The first is drag and atmosphere modelling: at 550 km the atmosphere still has a measurable effect on the orbit, and adding per-satellite aerodynamic coefficients together with an atmosphere model lets us watch the constellation gradually decay — and lets us reason about the stationkeeping budget required to maintain it. Solar radiation pressure sits in the same family: smaller in magnitude, but real, and the per-satellite SRP-coefficient pattern is the same.

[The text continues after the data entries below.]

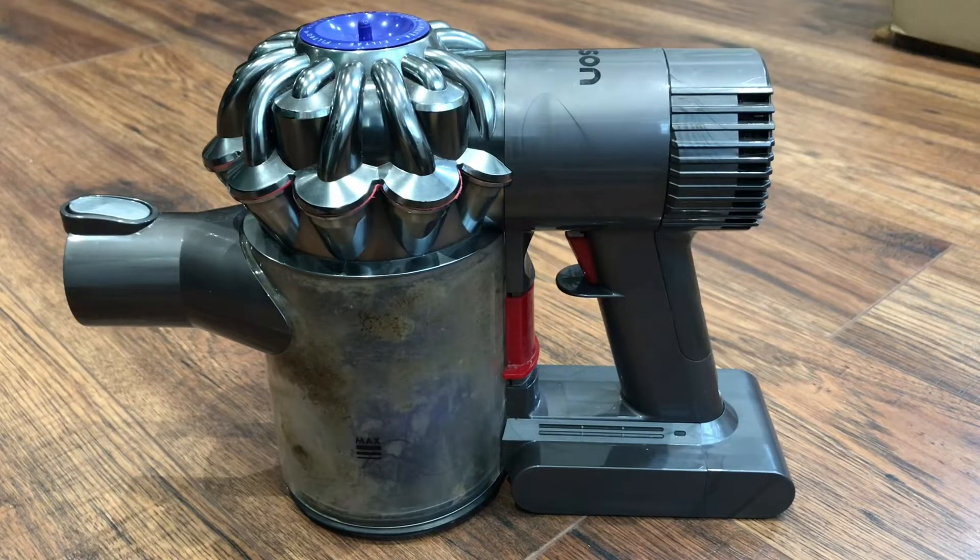Hello YouTube, welcome back to my channel. So just a quick tutorial video to show you how to change the battery on a Dyson V6 hoover.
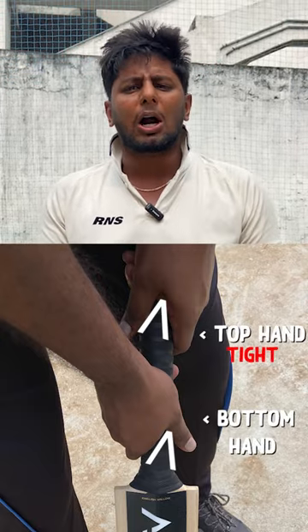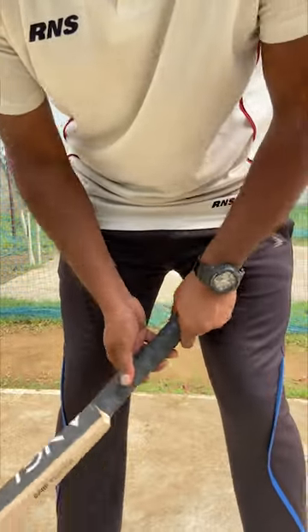Top hand is tight and bottom hand is loose. Bottom hand is loose. Thumb finger and index finger is tight. Middle finger is tight.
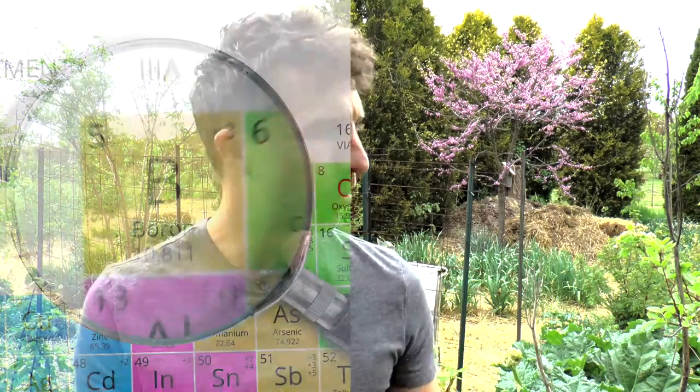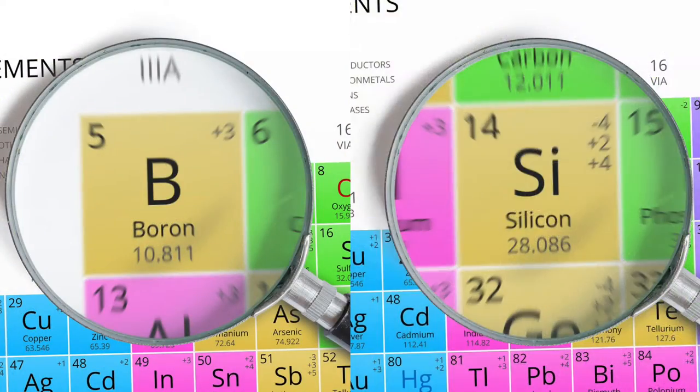There are dozens of micronutrients that your plants need to be optimally healthy — things like boron and silicon and many others. Your soil has at least a little bit of each of these micronutrients, but odds are that it will benefit from having a little more of many of them.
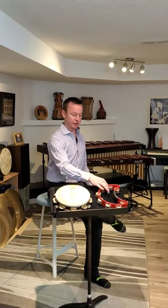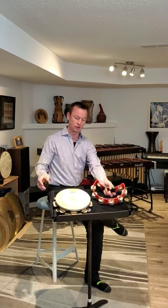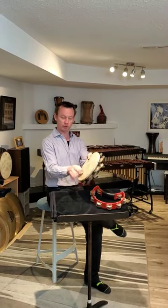Tambourine. Two common kinds: the half moon rock tambourine and the orchestral tambourine with the skin on it.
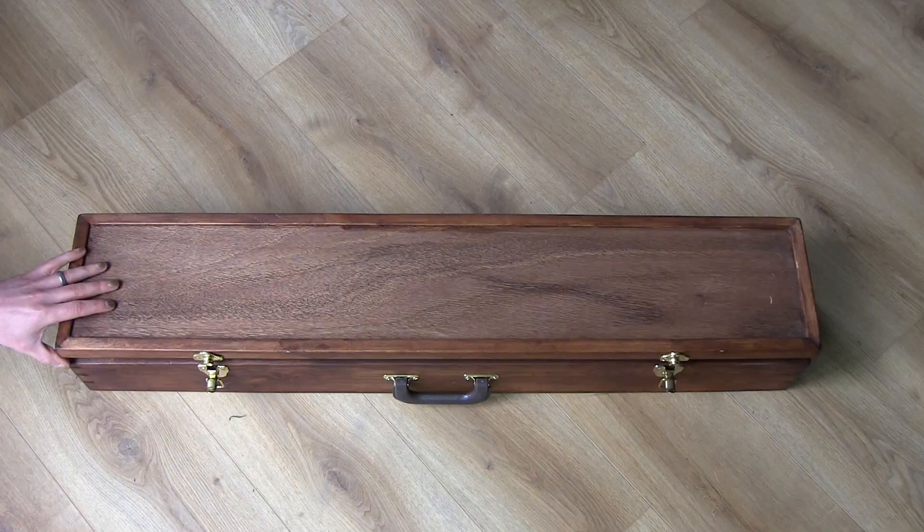Welcome to Unboxing Instruments. My name is Nicolo Seligman. Today we're unboxing the Scheitholt. And what a Scheitholt.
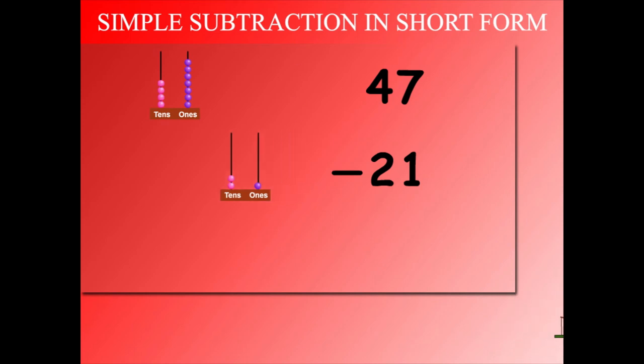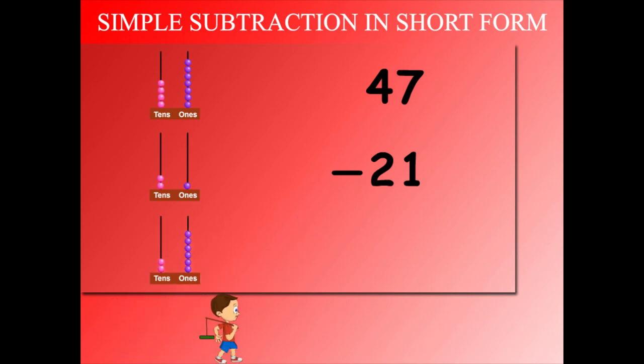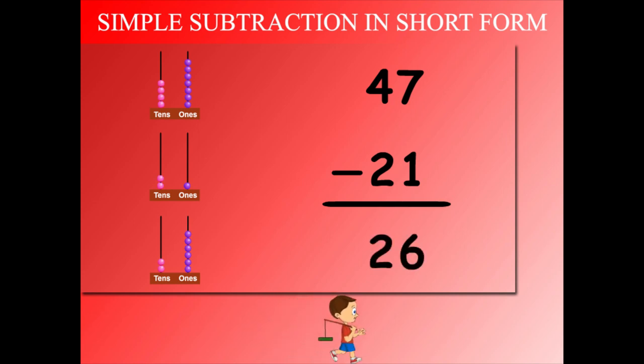And 1 bead from the ones. How much is left? 2 beads on the tens side and 6 beads on the ones side. 47 minus 21 is 26.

A second direction is inter-satellite-link geometry: compute pairwise line-of-sight visibility (optionally accounting for Earth occultation) over time. That is the natural step toward any constellation-tasking or relay study. Close to that is ground-coverage analysis: for a chosen set of ground points, compute satellite visibility windows and aggregate them across shells to quantify the coverage gain of adding a polar shell.
Finally, the J2-driven drift discussed above motivates maneuver planning: periodic stationkeeping burns to compensate the secular along-track separation, or coordinated burns for constellation reconfiguration. Both fit on top of the same Walker generator presented here.